If you want the highest correlation, this is simple to do, using PROC CORR. Output the correlations to a data set, take the absolute value of the correlations, and then sort.
However, I have worked with manufacturing process data for quite a while, let me urge you to modify the goal. Often, you will have several variables that have similar correlations, and the one that has the highest correlation could be "not statistically different" correlation-wise from the one that is in second place or third place. And it may turn out that the three correlations all relate to one single phenomenon, or that based upon first principle knowledge the third variable is most likely related to the true "cause". So selecting the highest correlation might not reveal this information.

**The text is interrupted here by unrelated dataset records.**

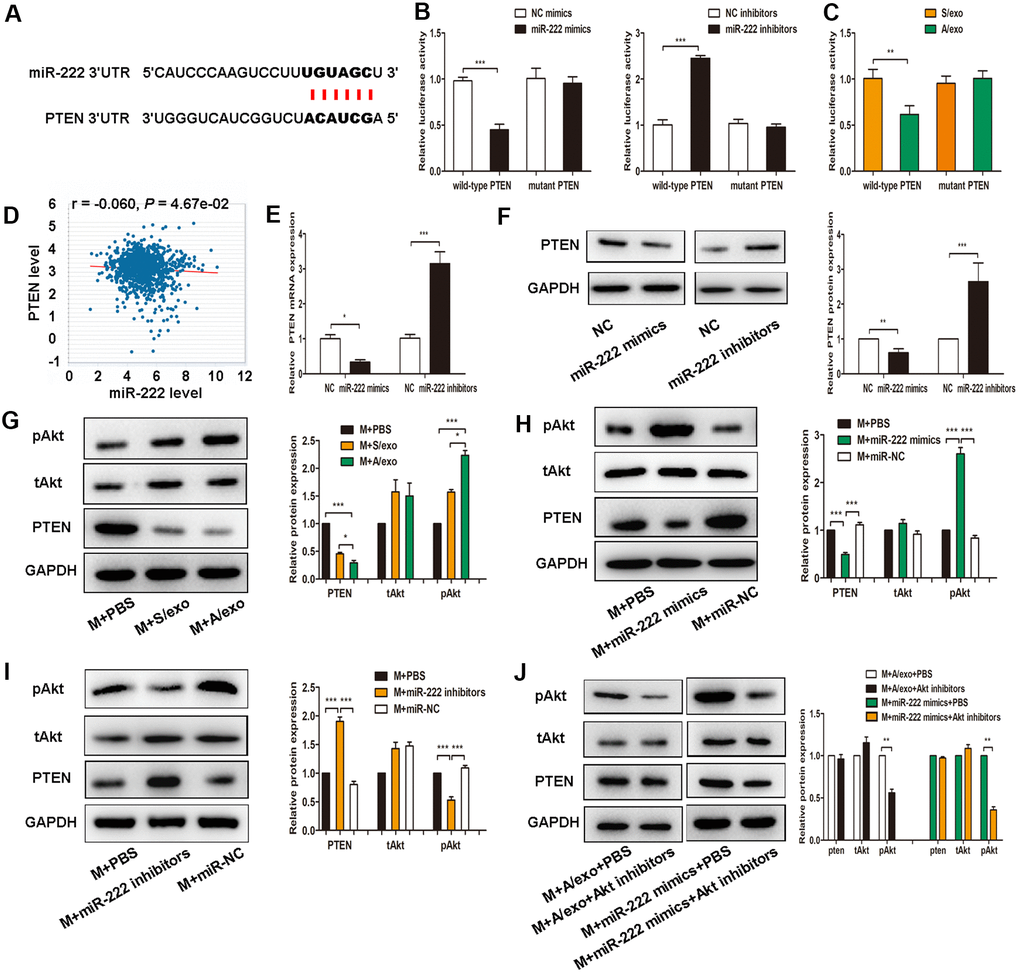 Exosomal miR-222 induce macrophages M2 polarization via targeting PTEN and activating Akt signaling pathway. (A) The predicted binding sites of miR-222 and PTEN on PicTar online database. (B) Luciferase reporter assay in cells transfected with wild-type or mutant PTEN 3’UTR as well as either miR-222 mimics or miR-222 inhibitors were performed. (C) Luciferase reporter assay in cells transfected with wild-type or mutant PTEN 3’UTR as well as either A/exo or S/exo were performed. (D) PTEN expression is negatively correlated with miR-222 level according to TCGA analysis. (E) Relative PTEN mRNA expressions in cells transfected with miR-222 mimics or miR-222 inhibitors were analyzed by PCR. (F) Relative PTEN protein expressions in cells transfected with miR-222 mimics or miR-222 inhibitors were analyzed by western blot. (G) Expressions of PTEN, tAkt, and pAkt in macrophages (M) treated with PBS, and S/exo or A/exo were analyzed by western blot. (H) Expressions of PTEN, tAkt, and pAkt in macrophages transfected with miR-222 mimics or miR-NC were analyzed by western blot. (I) Expressions of PTEN, tAkt, and pAkt in macrophages transfected with miR-222 inhibitors or miR-NC were analyzed by western blot. (J) Expressions of PTEN, tAkt, and pAkt in macrophages added with A/exo or transfected with miR-222 mimics were analyzed by western blot following Akt inhibitors treatment. Data are shown as mean ± SD, n = 3 independent experiments; * PPP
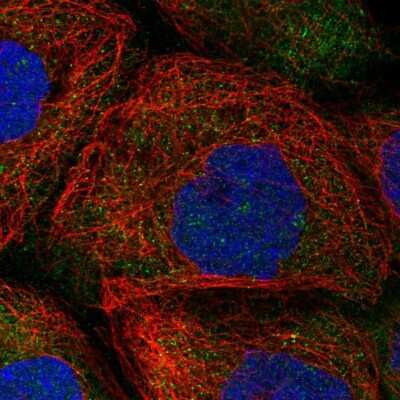 Immunocytochemistry/ Immunofluorescence: HERC4 Antibody [NBP2-56037]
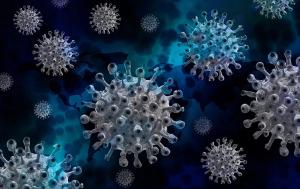 4702 nuevos casos de contagio por coronavirus en Noruega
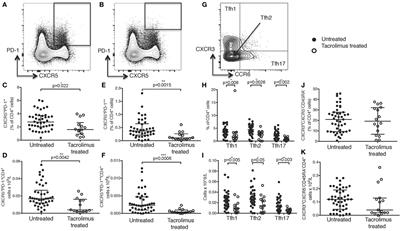 The Calcineurin Inhibitor Tacrolimus Specifically Suppresses Human T Follicular Helper Cells
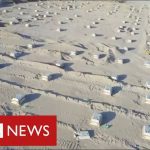 Iraq builds mass grave in the desert as coronavirus deaths surge – BBC News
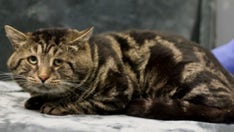 Shelter cat who went viral thanks to 'sad and depressed' photo is now helping other cats get adopted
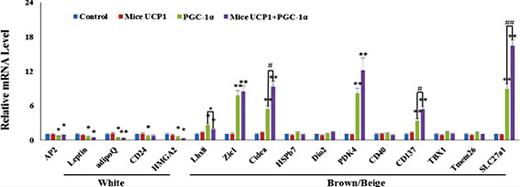 Fig. 6. Co-overexpression of pig PGC-1α and mice UCP1 increased the expression of brown/beige adipocyte marker genes in pig preadipocytes. The expressions of brown and beige adipocyte marker genes were measured in preadipocytes transfected with pig PGC-1α and mice UCP1. The results are presented as Mean ± S.E.M. of three replicates for each group. * indicates a difference between treatments (transfected with different recombinant vectors) and control (pcDNA3.1), and # indicates differences between PGC-1α transfection group and PGC-1α + Mice UCP1 co-transfection group. N = 3, **, P< 0.05, **, P< 0.01; #, P< 0.05; ##, P< 0.01.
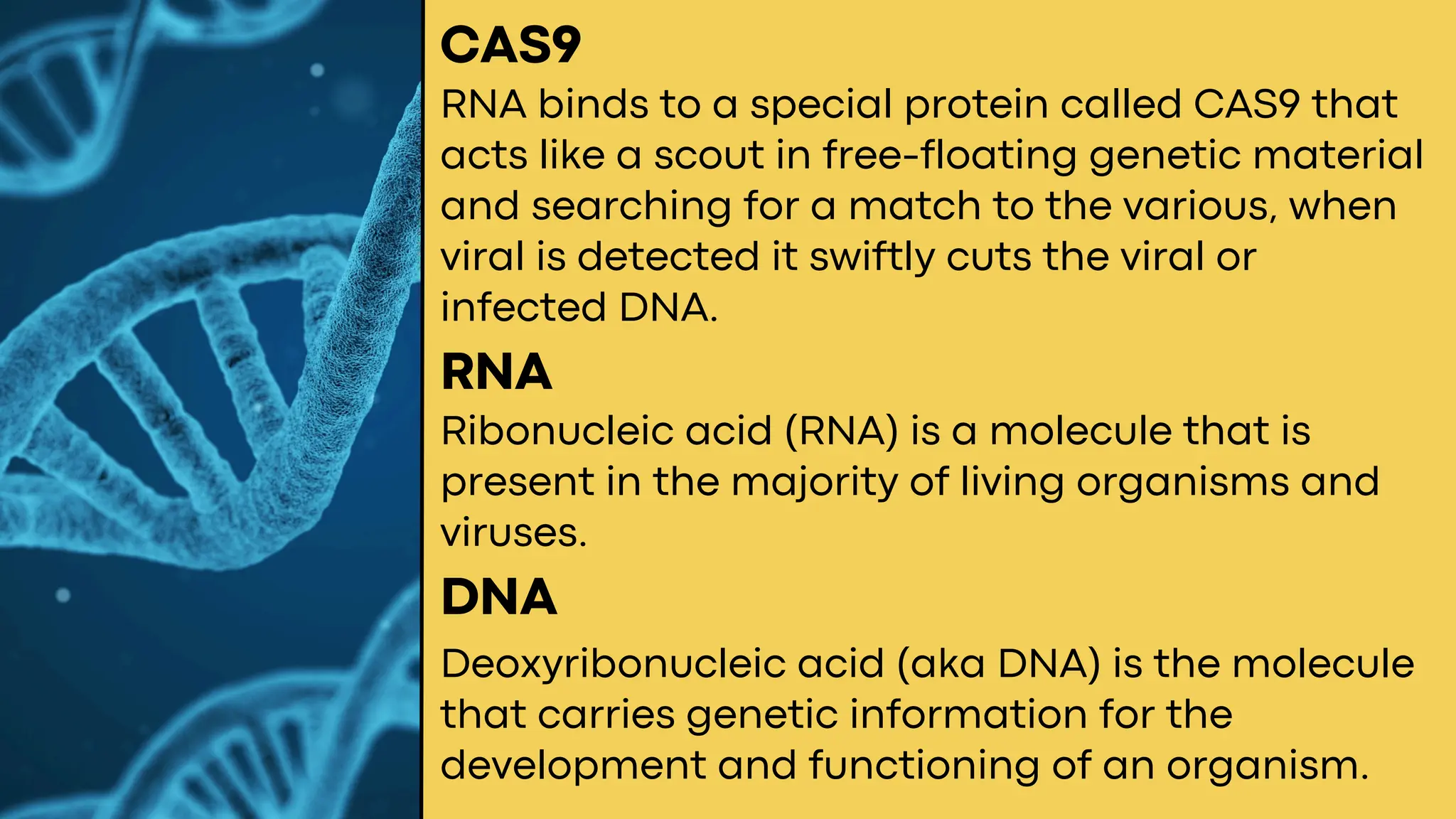 RNA binds to a special protein called CAS9 that
acts like a scout in free-floating genetic material
and searching for a match to the various, when
viral is detected it swiftly cuts the viral or
infected DNA.
Ribonucleic acid (RNA) is a molecule that is
present in the majority of living organisms and
viruses.
CAS9
RNA
DNA
Deoxyribonucleic acid (aka DNA) is the molecule
that carries genetic information for the
development and functioning of an organism.
 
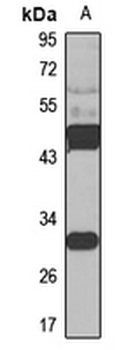 HYAL3 Rabbit Polyclonal Antibody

So while it is tempting to look at the "highest correlation", you might really want to look at the several highest correlations. You might want to use a modelling technique that really accounts for these ideas, such as Partial Least Squares (PROC PLS), which provides you with a vector indicating what variables are most correlated with the response, and a bar chart of the loadings will provide you with a visual of what process variableS (plural) are highly correlated with your response. The use of PLS on manufacturing process variables is a large field of study, with many journal articles written about it, and many many successful applications.
The other problem here is that the presence of one or more outliers can greatly distort the correlations. How do you find outliers in a large data set like this? That's an entirely different issue, but one you should have in the back of your mind.
UPDATE: Okay, I gave the answer for SAS, I see you are using JMP, but the same ideas apply.